Given data
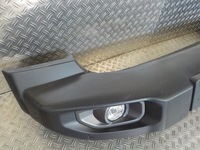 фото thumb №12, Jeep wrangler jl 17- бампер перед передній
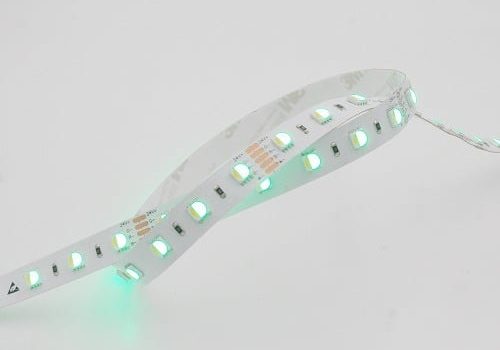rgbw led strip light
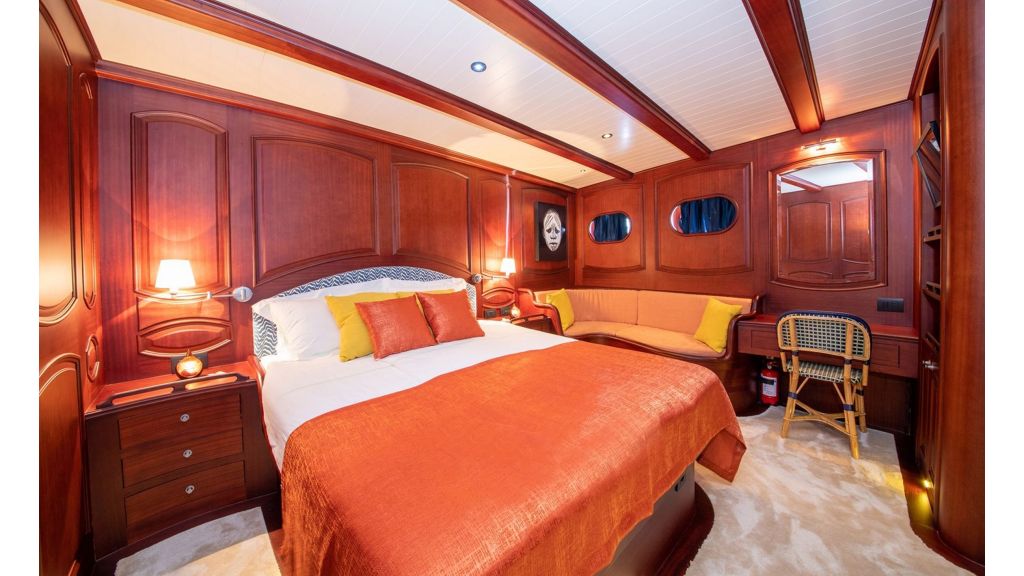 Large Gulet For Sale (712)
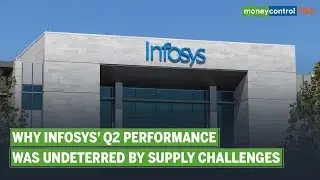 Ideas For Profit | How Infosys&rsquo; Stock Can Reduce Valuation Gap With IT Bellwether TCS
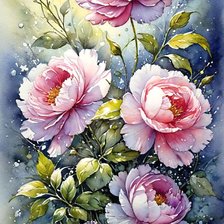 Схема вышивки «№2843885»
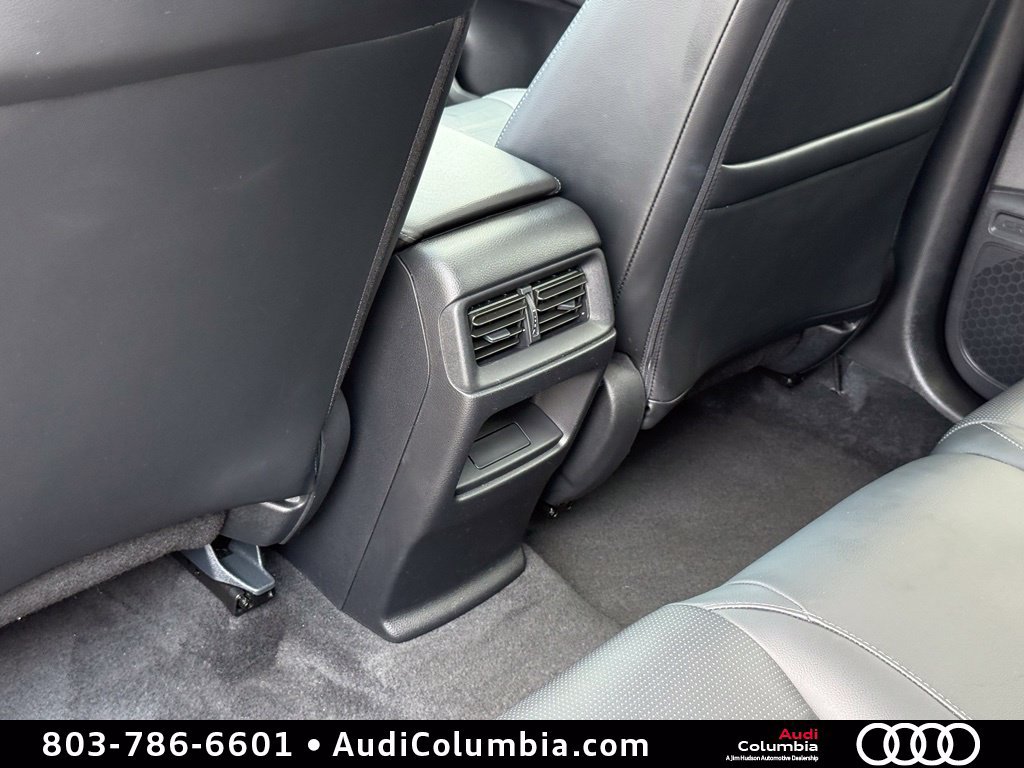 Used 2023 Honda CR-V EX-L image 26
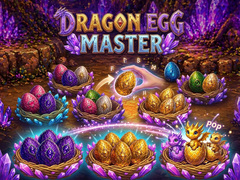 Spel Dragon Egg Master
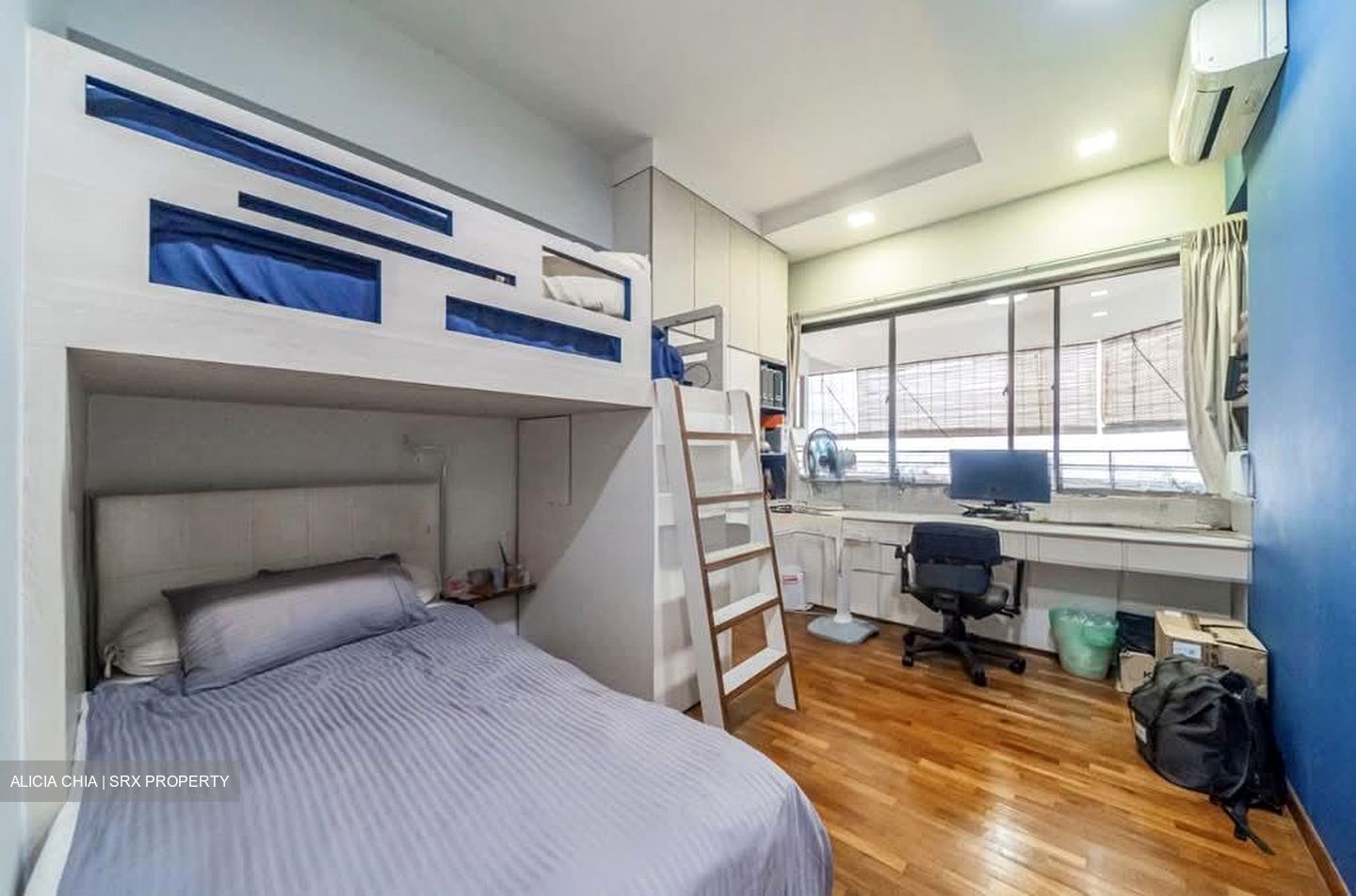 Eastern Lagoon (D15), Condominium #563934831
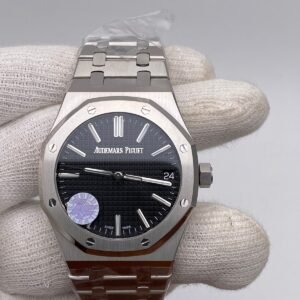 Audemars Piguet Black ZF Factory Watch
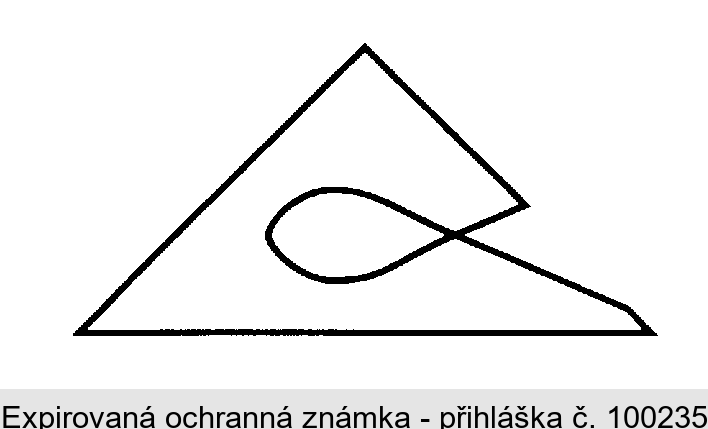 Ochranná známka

How to complete this task
All the data above is to be transcribed exactly, with no pictures included.

Result
 фото thumb №12, Jeep wrangler jl 17- бампер перед передній
rgbw led strip light
 Large Gulet For Sale (712)
 Ideas For Profit | How Infosys&rsquo; Stock Can Reduce Valuation Gap With IT Bellwether TCS
 Схема вышивки «№2843885»
 Used 2023 Honda CR-V EX-L image 26
 Spel Dragon Egg Master
 Eastern Lagoon (D15), Condominium #563934831
 Audemars Piguet Black ZF Factory Watch
 Ochranná známka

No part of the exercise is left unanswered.